Python nested dict comprehension with if else

Question

I am trying to convert the below to a dict comprehension

my_dict = {'a': None, 'b': None, 'c': ['1', '2', '3']}
new_dict = {}
 for k, v in my_dict.items():
     if not v:
         new_dict[k] = None
     else:
         for item in v:
             new_dict[f'{k}{item}'] = None

I'm trying to translate my dict to

new_dict = {'a': None, 'b': None, 'c1': None, 'c2': None, 'c3': None}

I'm fairly comfortable with basic list and dict comprehensions but struggling with this one, currently looking something like this but clearly I am a bit off on the syntax:

{k: None if not v else f'{k}{item}': None for item in v for k, v in my_dict.items()}

Answer 1

This abomination will do:

{fk: None
 for k, v in my_dict.items()
 for fk in ([k] if v is None else (k + fv for fv in v))}

If the value is None, you just want the key.
If the value is not None, you want a list of each value concatenated with the key.
Homogenise that to always returning a list, either of one key or multiple:

[k] if v is None else [k + fv for fv in v]

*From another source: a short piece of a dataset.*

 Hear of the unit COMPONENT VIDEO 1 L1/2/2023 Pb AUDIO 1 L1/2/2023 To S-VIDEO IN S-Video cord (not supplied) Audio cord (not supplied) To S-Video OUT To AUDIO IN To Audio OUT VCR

Then you're looking at a "simple" nested comprehension:

{k: None for k in [['a'], ['b'], ['c1', 'c2', 'c3']] for fk in k}

Answer 2

I was proud of my answer:

new_dict = dict(
    sum(
        [
            [(k, None)] if not value else [(f"{k}{v}", None) for v in value]
            for k, value in my_dict.items()
        ],
        [],
    )
)

... until I saw deceze's answer, which I still need to digest.

Answer 3

You can do this with the help of itertools.chain.from_iterable:

>>> {
    y: None
    for y in itertools.chain.from_iterable(
            k if not v else (f"{k}{x}" for x in v) for k, v in my_dict.items()
        )
    }
{'a': None, 'b': None, 'c1': None, 'c2': None, 'c3': None}